🇬🇧 Toshiaki Toyoda and his vision of the Japanese society in three films.


Toshiaki Toyoda is a screenwriter and director born in Osaka Prefecture in the 70s and which is part of the shinjirui. While still a high school student, Toshiaki was destined to become a professional shōgi player and it’s thanks to this passion that he entered the world of cinema by participating, in 1991, in the writing of the script for Sakamoto Junji’s film Checkmate whose characters are shogi players. In 1996, he worked again with this same director on the film Billiken before making his debut, alone, behind the camera with his first feature film Pornostar (ポルノスター). Released in 1998, Pornostar is a visually impressive and nihilistic story that features a man anxious to eliminate the yakuza that he perceives as dangerous and above all useless to society. In 2001, Blue Spring (青い春) was released, which followed angry, directionless high school students and explored their social dynamics. And it was in 2003 that Toshiaki Toyoda closed this trilogy of films that focuses on angry young people, their virility and the strangers of society with 9 Souls (ナイン・ソウルズ), a film in which the director combines the black comedy of his first film with the rich characterization of the second without sacrificing his aesthetics and punk side. It’s with these films that the director gives an overview of his vision of society and distinguishes himself in the lost Japanese decade of the 90s with this triad.

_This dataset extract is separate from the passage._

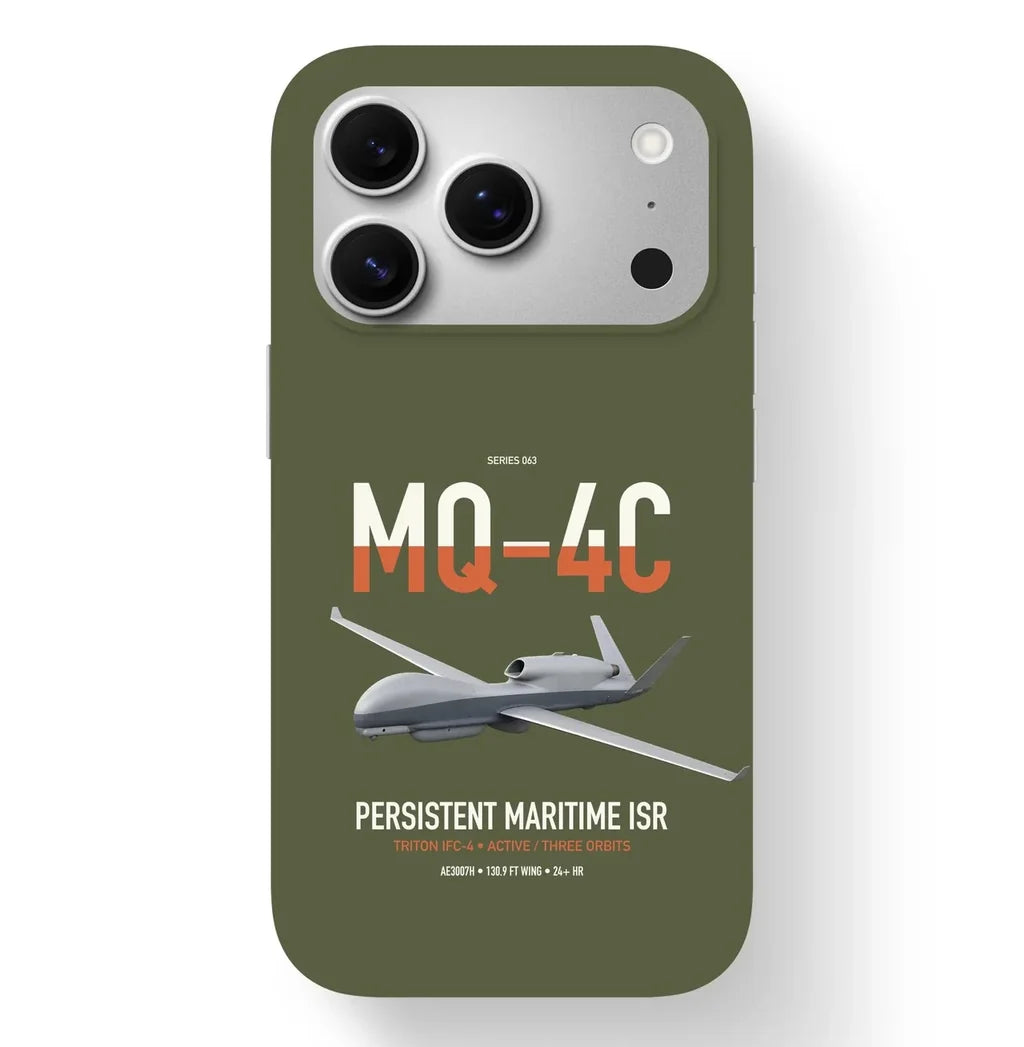MQ-4C Triton IFC-4 design on green army magsafe iphone case, for iPhone 17 Pro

A new one in the Yakuza genre.

The yakuza eiga (ヤクザ映画 or ヤクザえいが), or yakuza film in French, is a genre that focuses mainly on the relationships and life of the Japanese mafia. Namely that there are two subgenres: the Ninkyô eiga, chivalric, idealistic and formalistic films with a moralizing dimension that emerged in the 60s and the Jitsuroku eiga, anarchist films, more violent and more realistic because they are based on true stories that appeared in the 70s. And when we think we have seen everything with Kitano, Suzuki, Akira Kurosawa, Kinji Fukasaku or Takashi Miike, Toshiaki Toyoda also scores a big hit in the yakuza genre with his first feature film: Pornostar.

Pornostar is a nihilistic film with dark comic and poetic moments mixed with this punk image in which the director portrays a juvenile and irrecoverable Japanese society under the influence of the yakuza in the hot neighborhoods of Tokyo. Between 1997 and 1999 the number of members and associates experienced a very slight increase and although the yakuza were very present at that time and influenced part of the young society, they were not unanimous and we can see it with the character of Arano. In his film the director shows the mafia proud to shout their belonging to a certain group and distribute flyers for recruitment. The bands organized in Japan are trivialized. Toshiaki Toyoda deals with the case of an adolescent in distress through the framework of the yakuza and their rotten networks well established in society.

In his film, the character of Arano is a mysterious young man, almost catatonic sociopath, marginal manipulated by those he hates and embarked in the rhythm of life of unsavorable characters that are the Kamijiro gang. All against a stunning and noisy punk-rock music background. Arano hangs out with infamous characters and young aspirants of the Japanese underworld who think they have control over the latter by using him to do the dirty work. In this film women are only secondary, almost uninteresting and often ignored, there is only room for violence and we can see it when Kamijiro does not move when a woman kisses him and ignores her proposal to go to the Grand Summer of Love, to go elsewhere, further than this suffocating city gnawed by cruelty and crime.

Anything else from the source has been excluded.